[Short text fragments from websites]

***

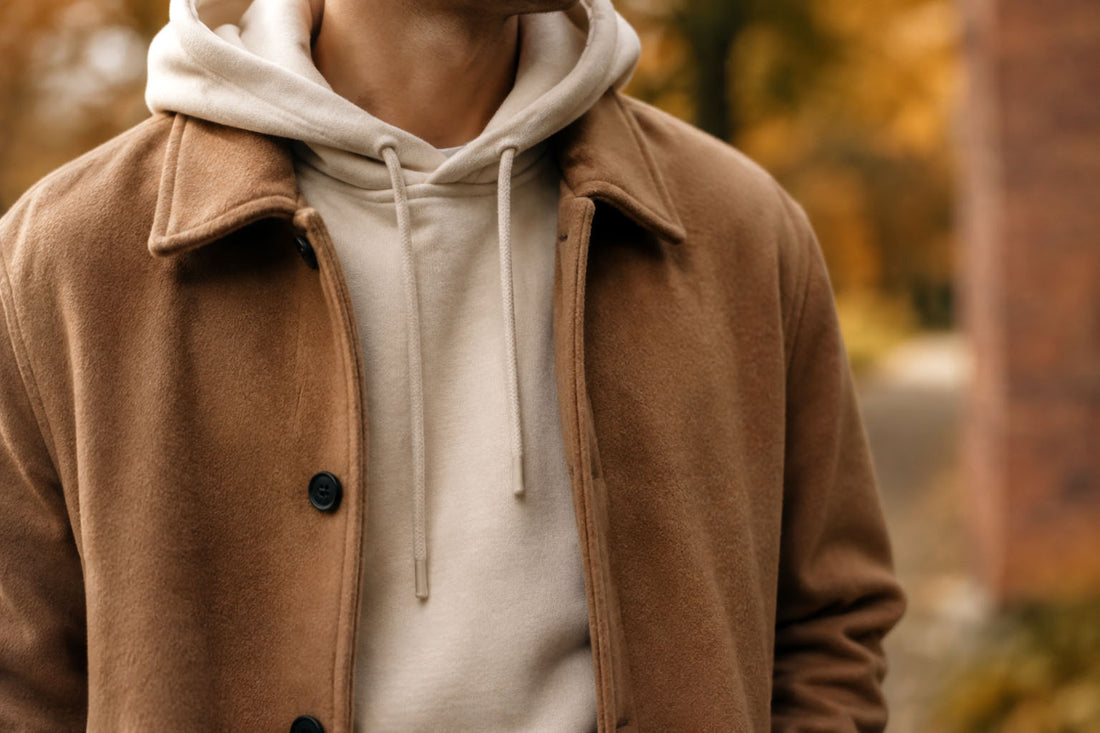 Ivory hoodie layered under an open camel jacket, clean silhouette — minimalist cold weather layering, Biliping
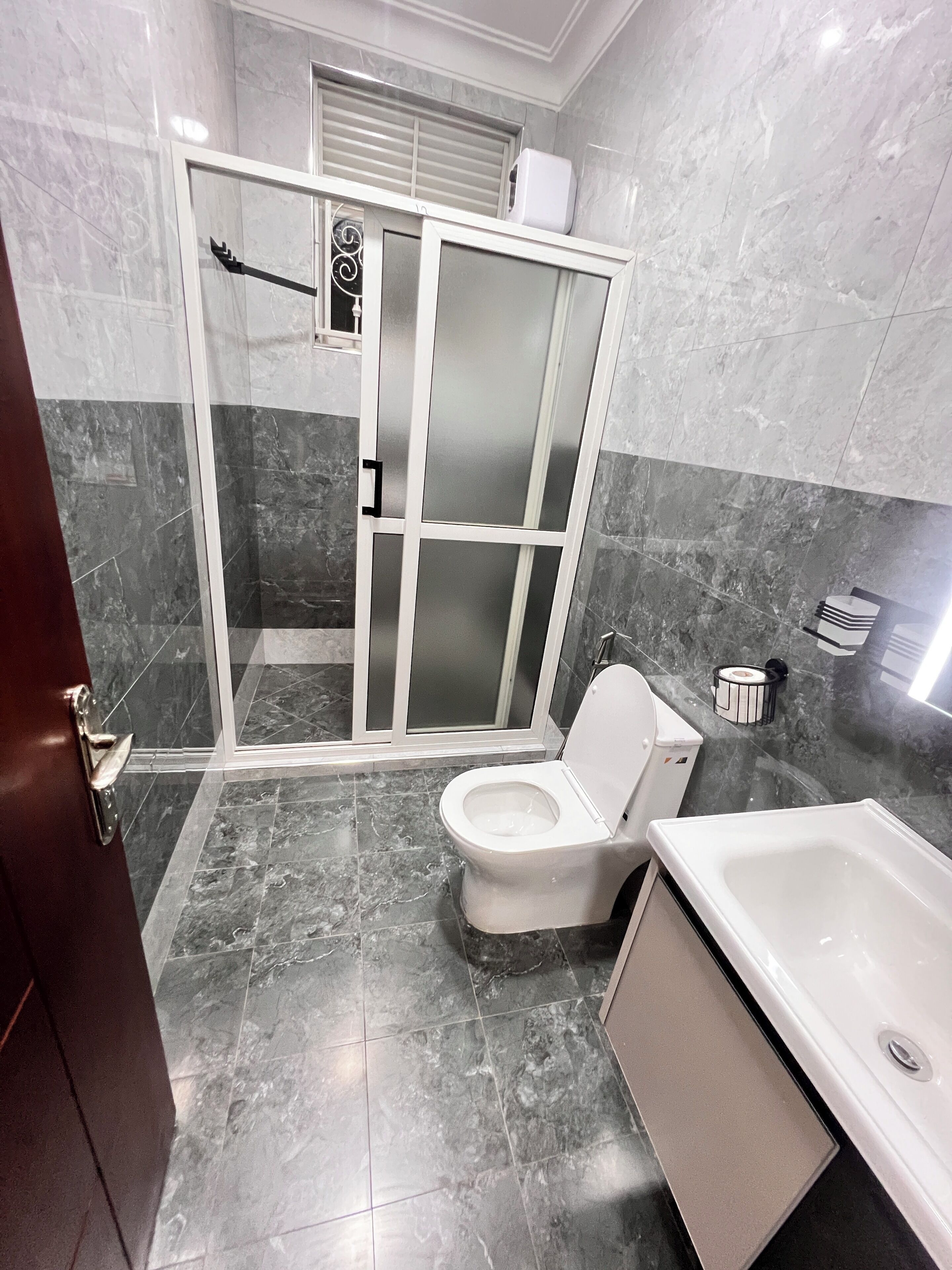 A bathroom with a toilet, shower enclosure, and bathtub.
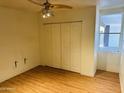 Spacious bedroom features wood-look floors, a lighted ceiling fan, and a window with a view to the outside at 2103 W Missouri Ave, Phoenix, AZ 85015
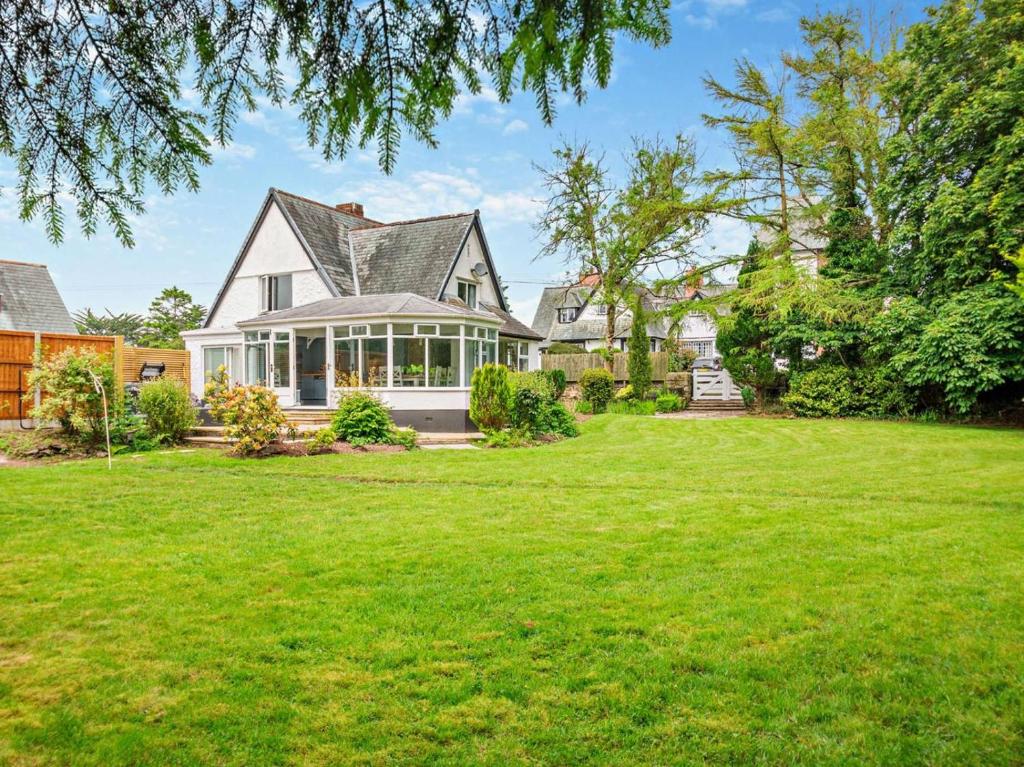 a house with a large yard with green grass at 4 Bed in Beaumaris oc-94501 in Llanddona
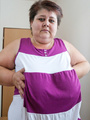 BBW in a striped dress demonstrating her - Picture 4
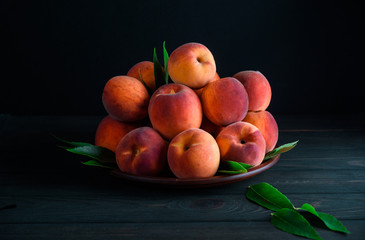 Many sweet peaches in a plate on the table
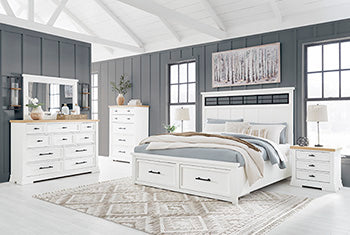 Ashbryn Nightstand — Three Drawers, Dual USB Farmhouse Benchcraft® Bedroom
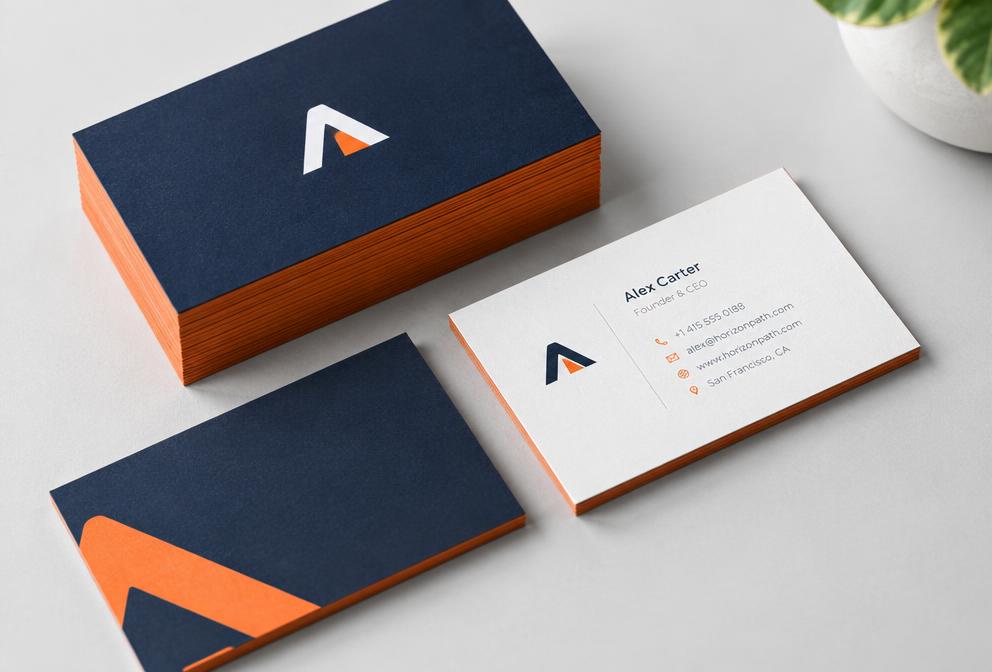 Printed business cards in navy and orange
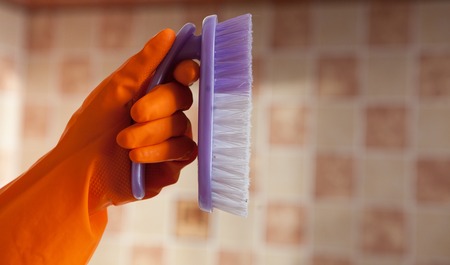 Brush cleaning in hand, isolated against the background of the tile.の写真素材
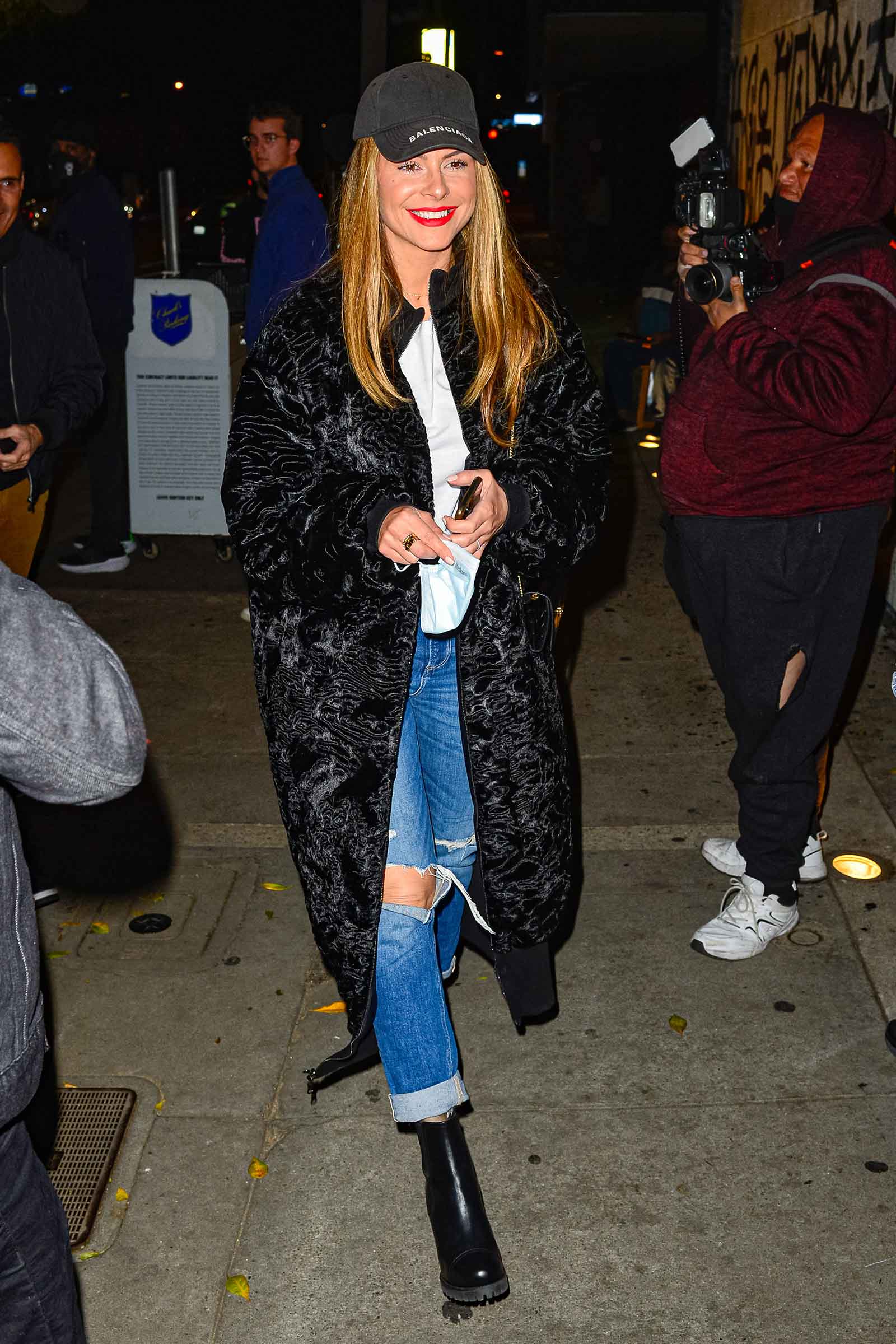 Maria Menounos is edgy and on-trend in a faux fur coat with lug sole boots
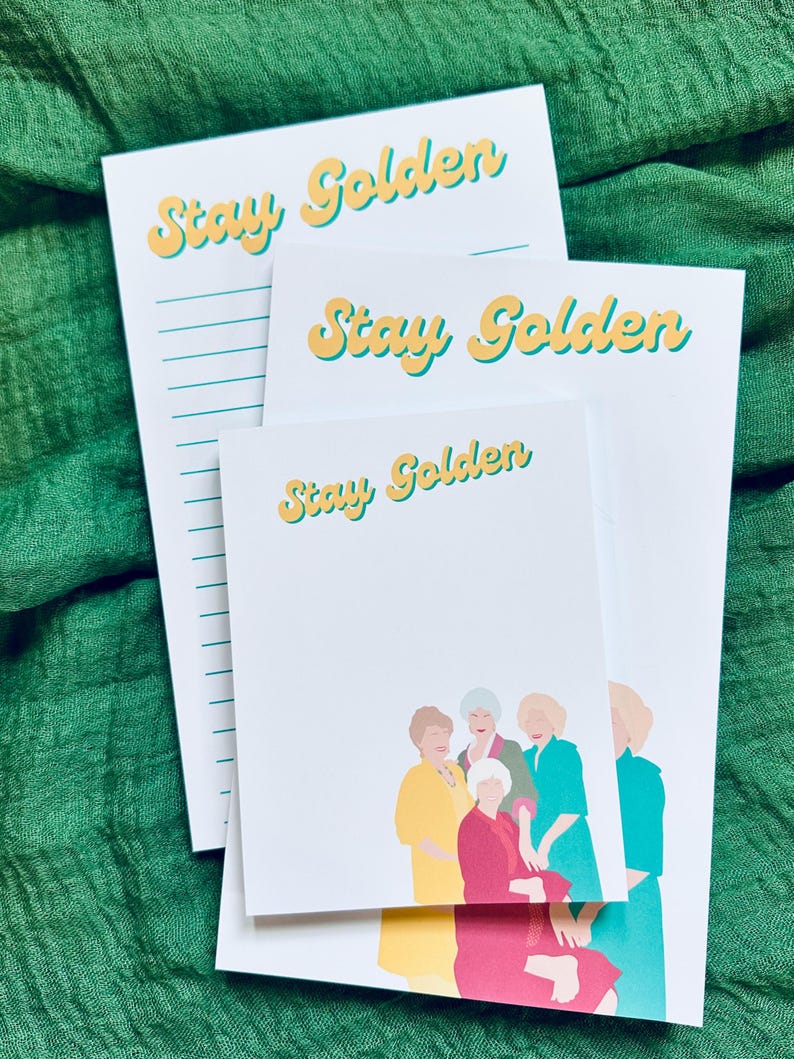 K&ouml;nnte beinhalten: Wei&szlig;e Notizbl&ouml;cke mit dem Text "Stay Golden" in Gelb und T&uuml;rkis. Ein Notizblock zeigt eine Gruppenillustration in Gelb, Rot und T&uuml;rkis. Die Notizbl&ouml;cke sind auf einer strukturierten gr&uuml;nen Oberfl&auml;che gestapelt.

***

The line containing "A bathroom with" marks where the copy ends; print every line before it from the start of the records, and that line too, but no pictures.

> [ANSWER SPACE]:
 Ivory hoodie layered under an open camel jacket, clean silhouette — minimalist cold weather layering, Biliping
 A bathroom with a toilet, shower enclosure, and bathtub.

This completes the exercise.